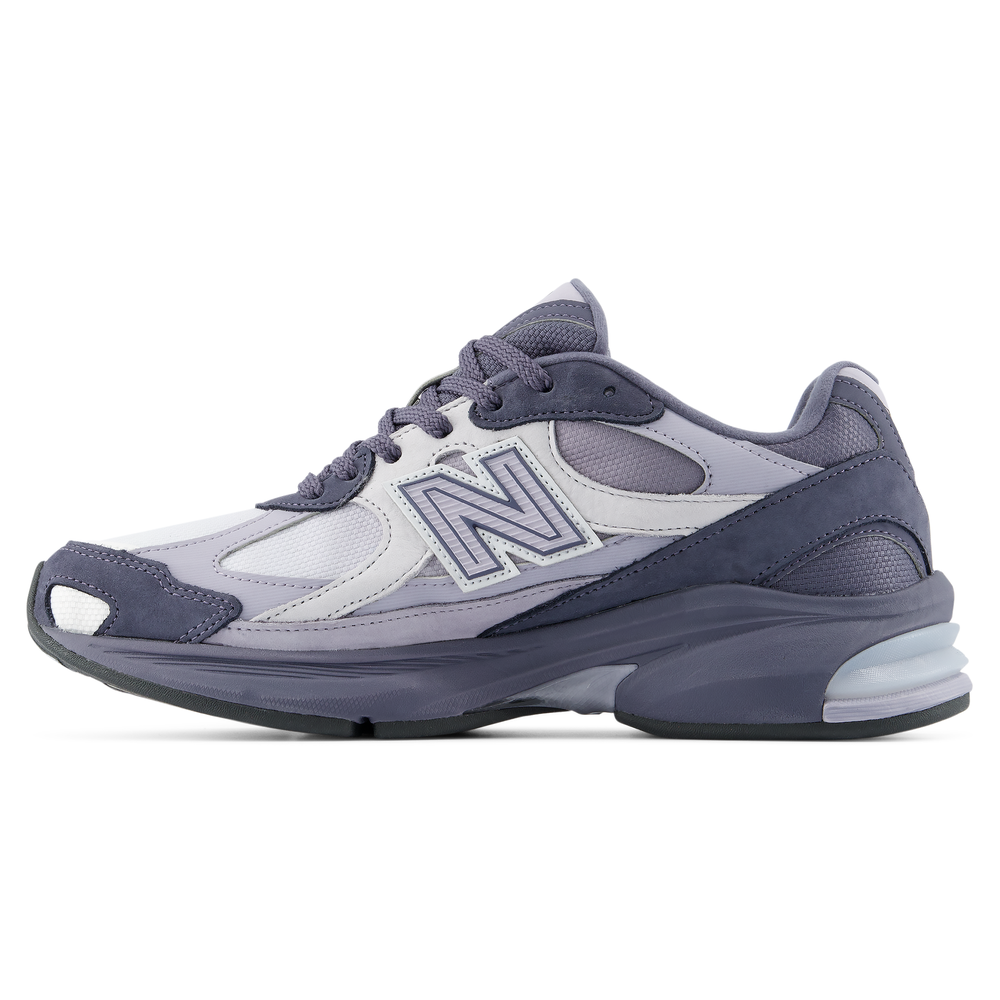 Unisex topánky New Balance ABZORB U20104T8 – fialové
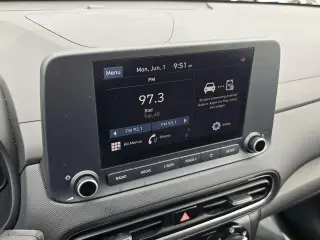Hyundai KONA 2023 SEL 4 puertas Crossover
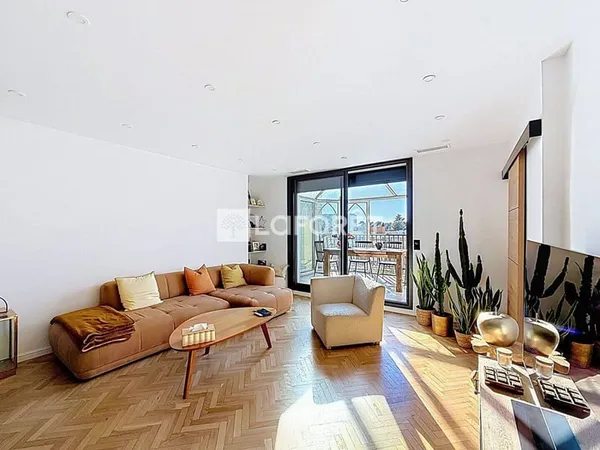Appartement 3 pièces 70 m²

Problem to work on
Look for the line that contains "Hyundai KONA 2023 SEL 4 puertas Crossover", then please copy it and the rest of the lines through the end of the data, pictures excluded.

Answer below
Hyundai KONA 2023 SEL 4 puertas Crossover
Appartement 3 pièces 70 m²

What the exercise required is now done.